* [INPUT MATERIAL]:
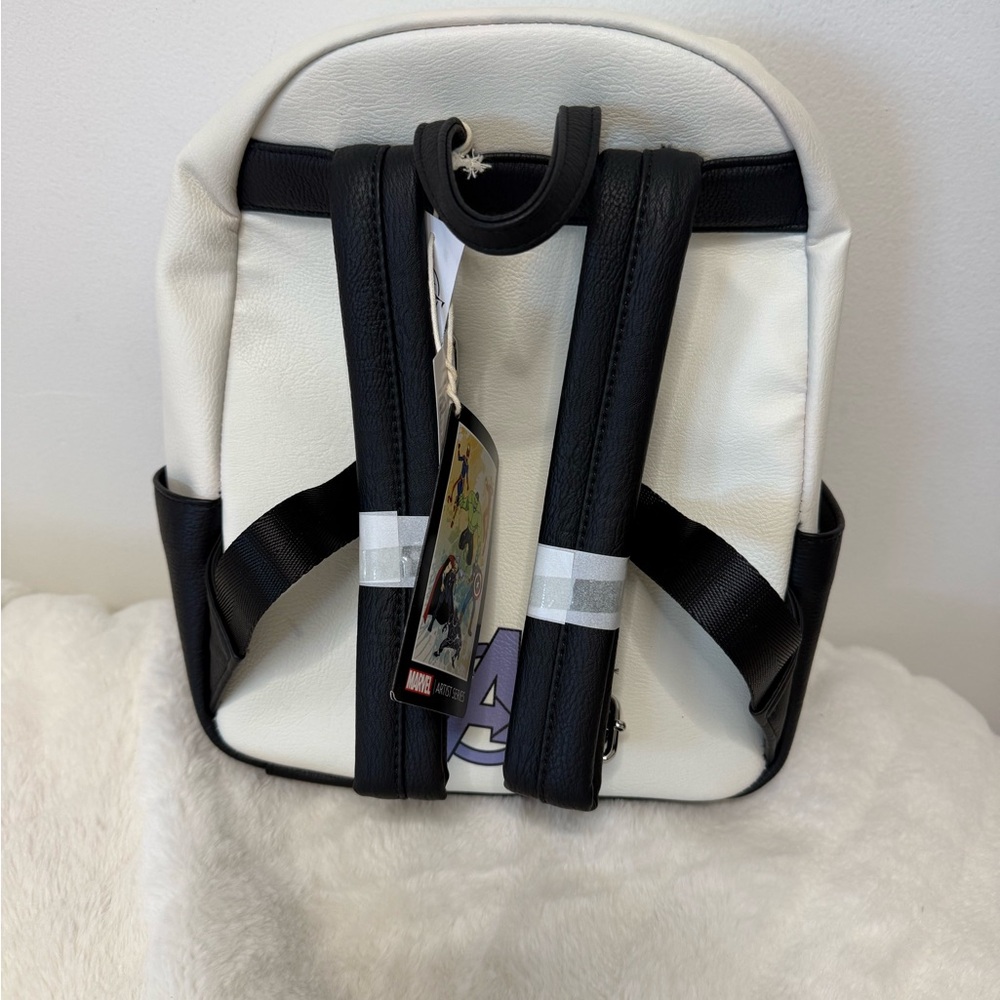 Loungefly Marvel Superheroes White and Black Bag - Picture 2 of 4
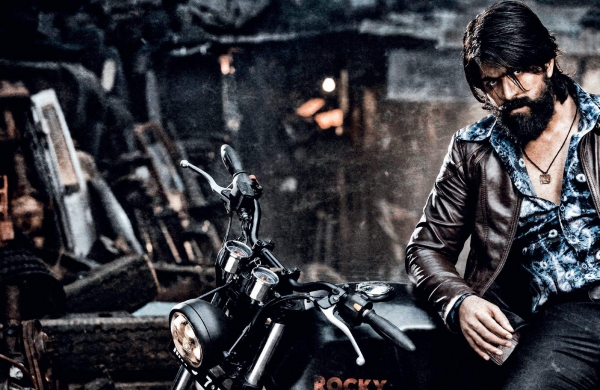 After the huge success of KGF, This Bollywood star to play villain in KGF Chapter 2 starring Yash
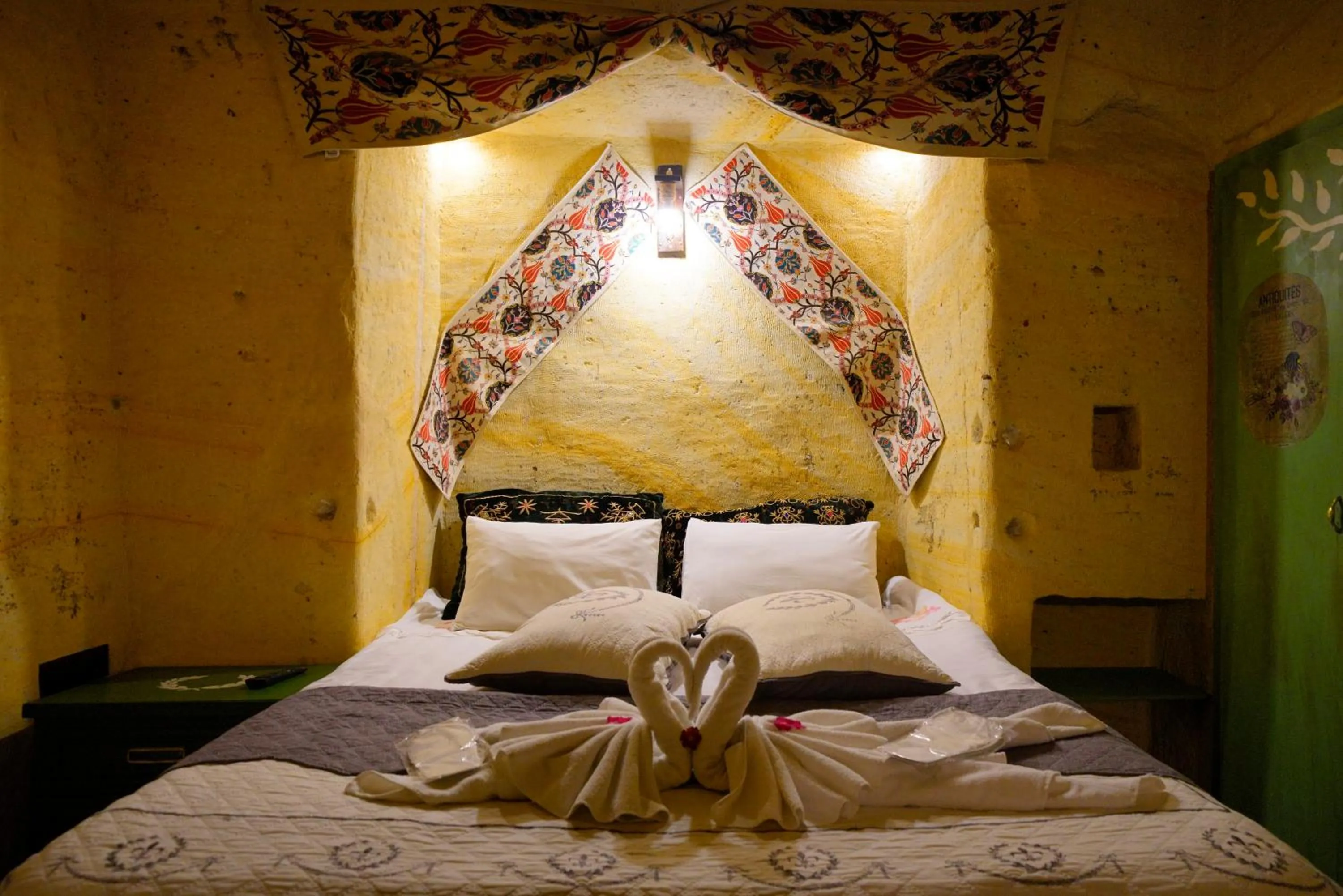 Bed in Antik Cave House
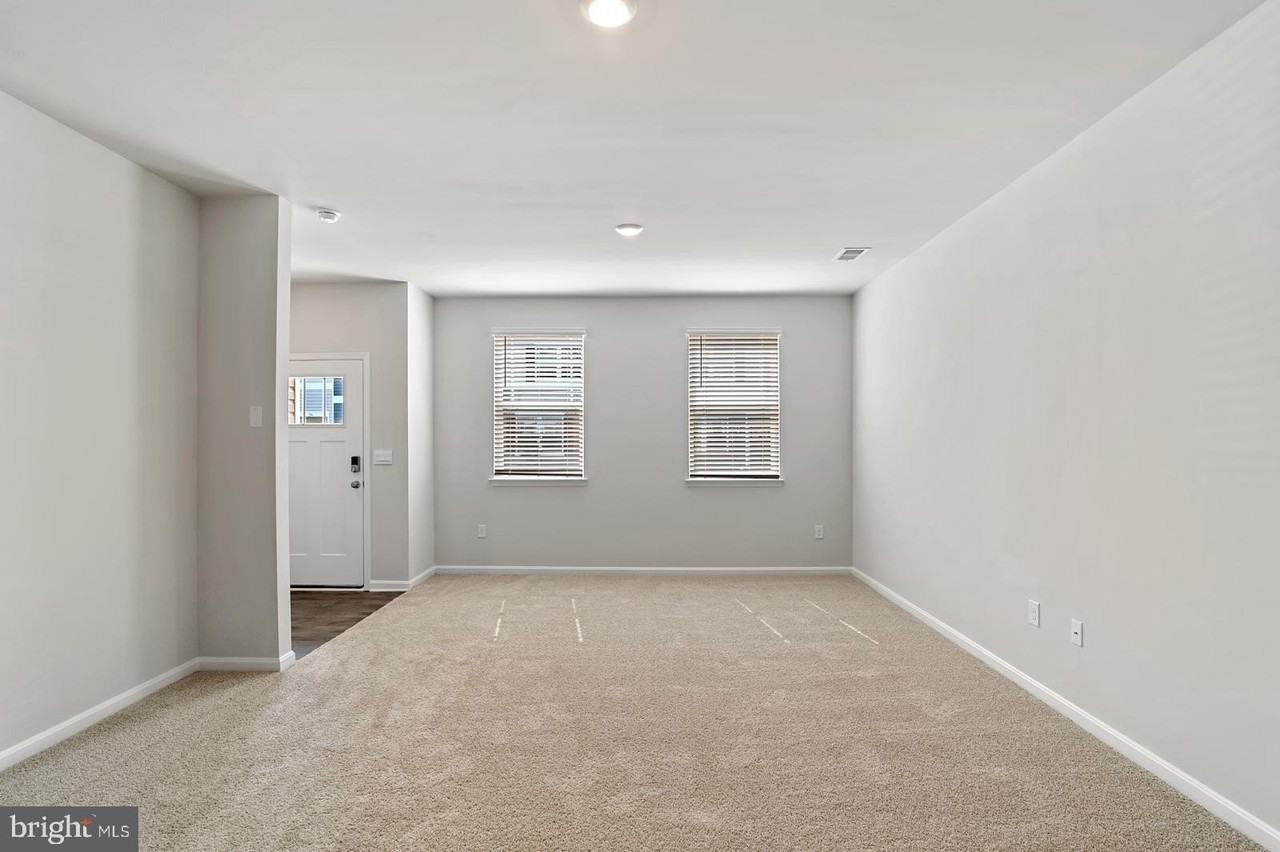 23 Huckleberry Dr - Photo 3 of 13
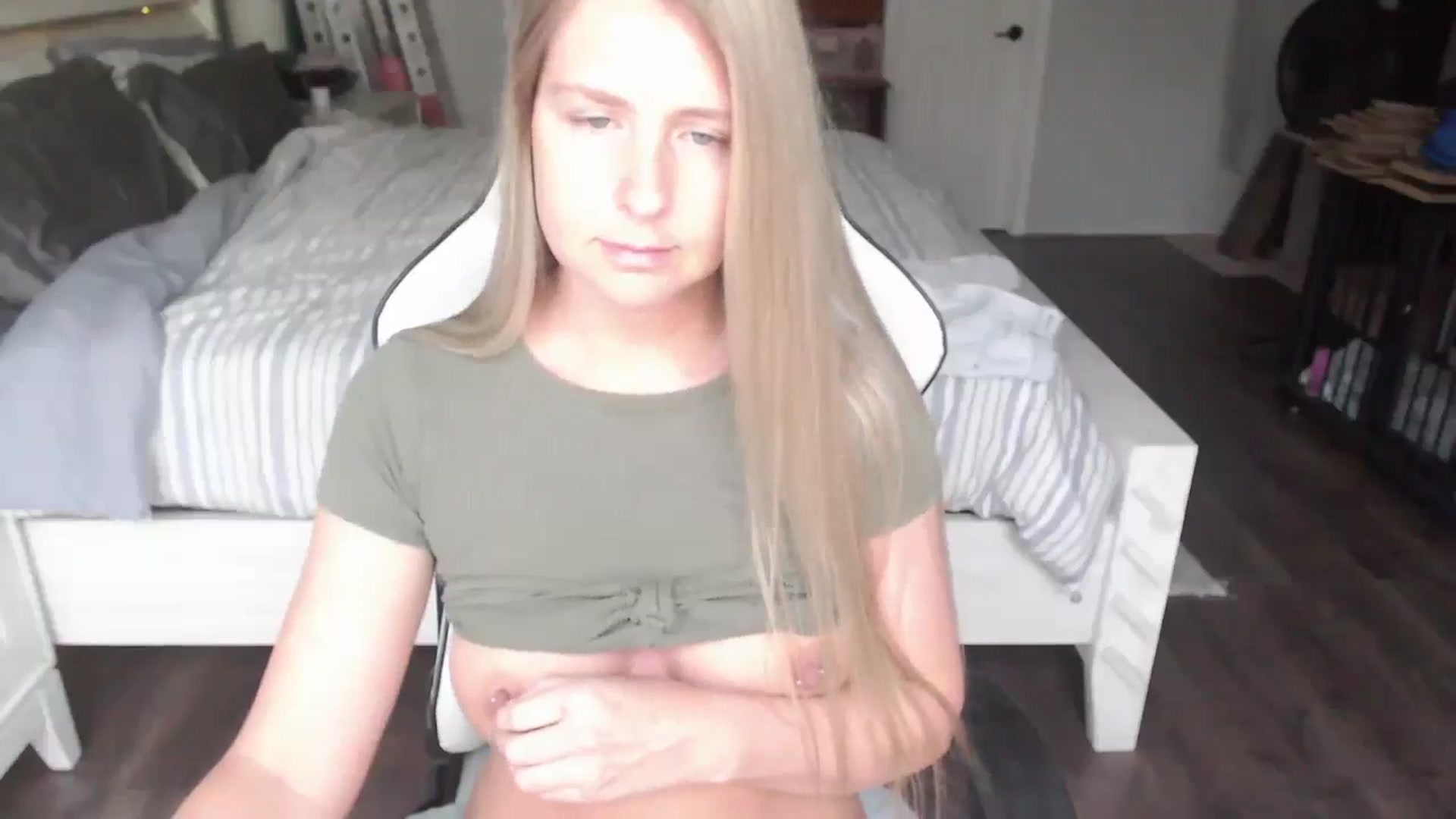 Gallery image thumbnail from ZenZoey's myfreecams stream on, 06/03/2025, 16:01 image 11 of 20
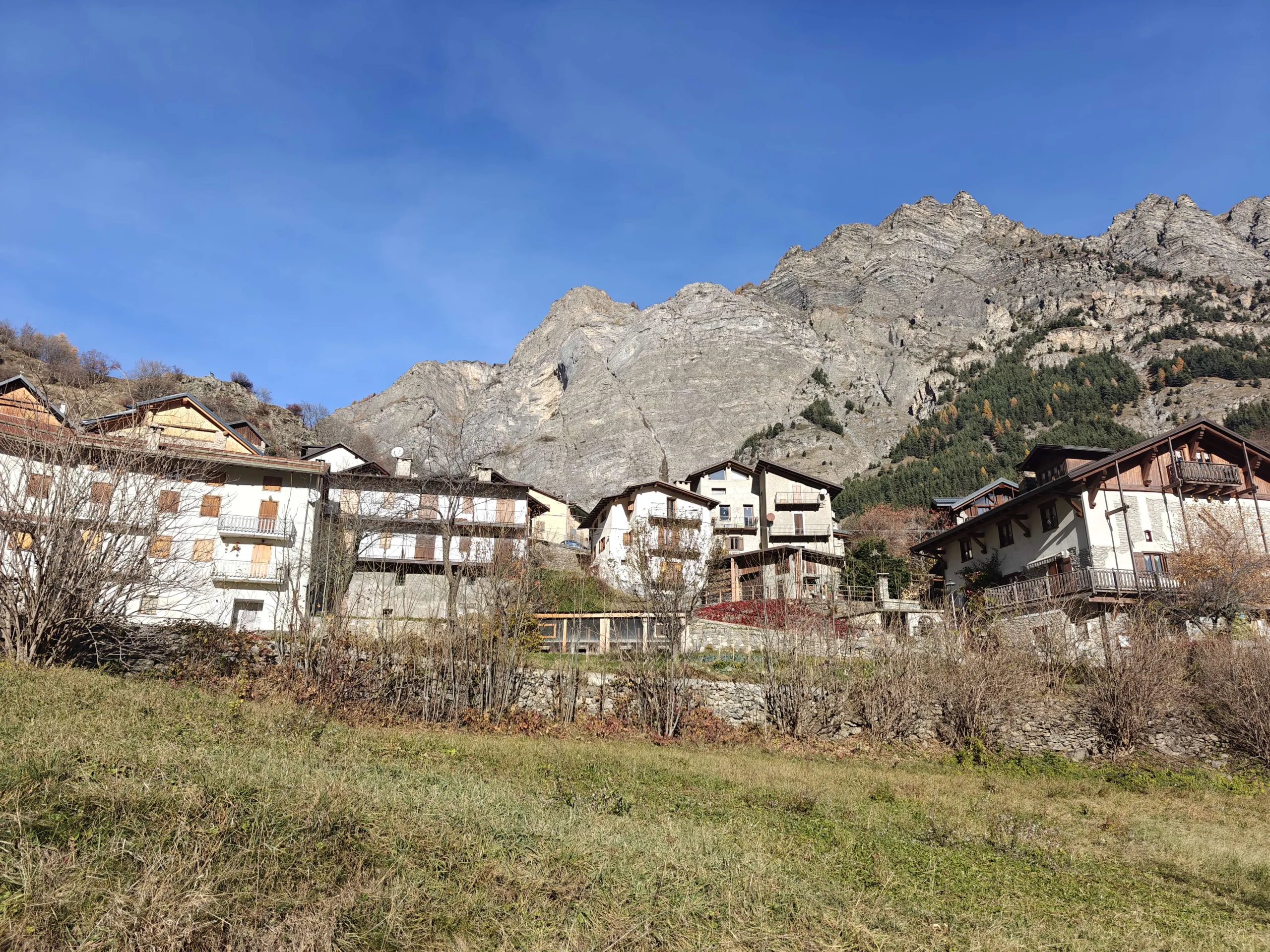 Pontebernardo : un village des Alpes dans le Piémont italien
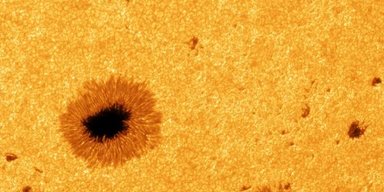 Ученые впервые получили фотографии взрывных пятен на Солнце с разрешением 8К (фото)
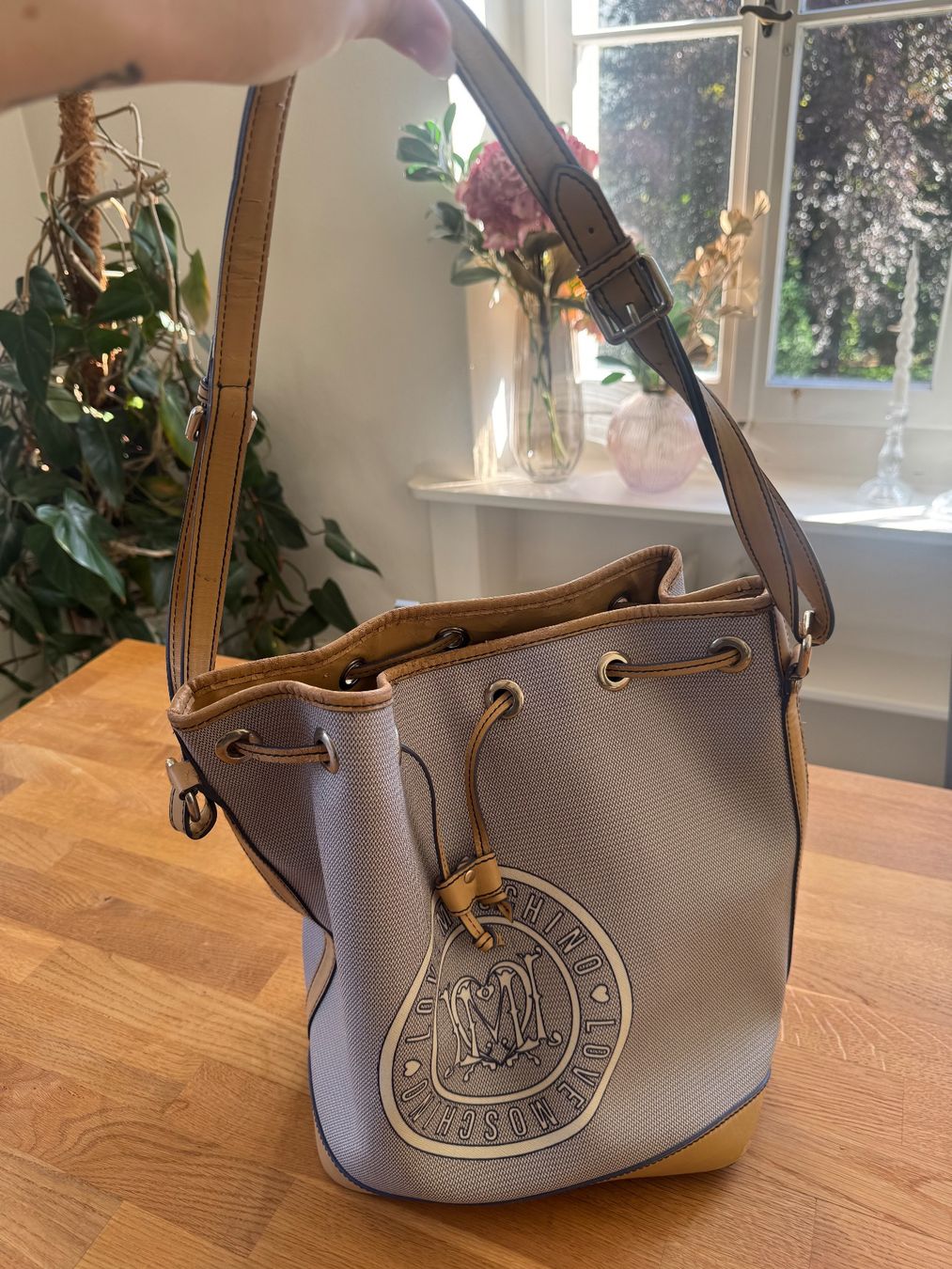 Moschino Borse da donna: Love Moschino Tasche Beuteltasche – Usato da Winterthur venduto da Julia90 3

* [REQUIRED WORK]:
Repeat each record exactly as shown above, dropping all images.

* [OUTPUT BELOW]:
 Loungefly Marvel Superheroes White and Black Bag - Picture 2 of 4
 After the huge success of KGF, This Bollywood star to play villain in KGF Chapter 2 starring Yash
 Bed in Antik Cave House
 23 Huckleberry Dr - Photo 3 of 13
 Gallery image thumbnail from ZenZoey's myfreecams stream on, 06/03/2025, 16:01 image 11 of 20
 Pontebernardo : un village des Alpes dans le Piémont italien
 Ученые впервые получили фотографии взрывных пятен на Солнце с разрешением 8К (фото)
 Moschino Borse da donna: Love Moschino Tasche Beuteltasche – Usato da Winterthur venduto da Julia90 3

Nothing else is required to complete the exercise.